Indian camera, Iranian heart

By Megan Wang|March 8, 2019|Insight|

Ranjita Ganesan provides an account of the early collaborative talkies of Abdolhossein Sepanta (1933-37)

Every day for some months in 1935, Abdolhossein Sepanta dutifully made the dull commute from Bandra to Andheri in Bombay. By this time the financial capital of India and home of Indian cinema were familiar to Sepanta, a young poet and journalist from Tehran who attended theatre school in his youth. He had studied and worked in India for a number of years, taking on assignments as a writer and translator. He had also scripted and made three of the earliest Persian-language sound films (‘talkies’) in collaboration with a studio in Bombay. The first of these had been Dokhtar-e Lor (Lor Girl, 1933), a costume drama featuring gypsies, bandits and government officials.

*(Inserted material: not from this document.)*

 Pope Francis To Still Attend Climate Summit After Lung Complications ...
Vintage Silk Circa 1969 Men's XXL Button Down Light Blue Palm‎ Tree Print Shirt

Those daily train journeys in 1935 marked a departure of sorts, as Sepanta had just fallen out with his initial collaborator Ardeshir Irani of the Imperial Films Company, the pioneer of Indian talkies. So he was travelling instead to the leafy studios of a rival production house, which had agreed to back his next passion project. Released in both Iran and India, his films are a fascinating early example of co-productions in the East. His experiences are also indicative of the remarkable difficulties of making cinema in those years.

Even if cut short, Sepanta’s time with Imperial Films was significant. Originally having arrived in India in 1927 with a desire to understand the Zoroastrian history of Iran, he wrote for publications of the Bombay-based Iran League – an organisation that aimed to keep ties alive between Indian Zoroastrians and their old land Iran. Sepanta was introduced to the prolific producer Irani in 1932, who had just produced an Urdu film Daku ki Ladki. ‘Seeing the film, plus the friendship between my employer (Dinshah Irani) and Ardeshir Irani gave me the perfect opportunity to interest Ardeshir in producing a film in Persian language’ Sepanta is quoted as having written in his memoirs.

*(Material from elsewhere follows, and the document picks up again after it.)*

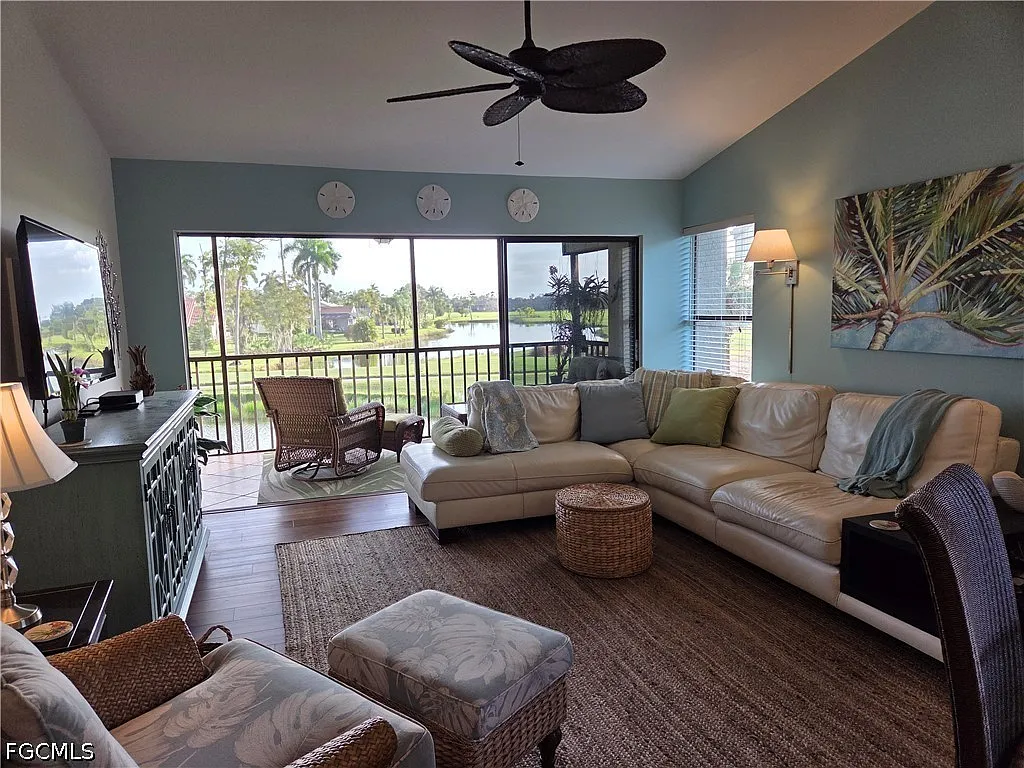 2 bed, 2.0 bath, 1174 sqft, $4,500 — Photo 2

An ambitious Ardeshir Irani (possibly) did not need much convincing. He had raced against more established competitors to make the first Indian talkie Alam Ara in 1931 – exporting films to Iran would be another feather in his pheta. Episodes from the Persian epic Shahnameh as well as Islamic fantasy tales from One Thousand and One Nights were already part of the public imagination in Bombay, given their adaptation by the popular Parsi theatre. When motion pictures emerged, a number of these became recurring themes in cinema too; among them Shirin va Farhad and Leili va Majnun. So the two set off making familiar yet exotic films for both the Iranian and Indian markets.

Irani, described by Sepanta as an excellent film editor, offered him technical advice, along with books on script writing and directing. Directed by Irani, Sepanta wrote and played the lead in Lor Girl. Together, they persuaded Roohangiz Saminejad, wife of an Iranian staff driver at Imperial Films, to take on the female lead during a time when few women were willing to appear on screen. Her lilting Kermani accent, while playing a Lorestani character, had to be explained in a plot point; nevertheless it appealed to audiences and some even mimicked her lines.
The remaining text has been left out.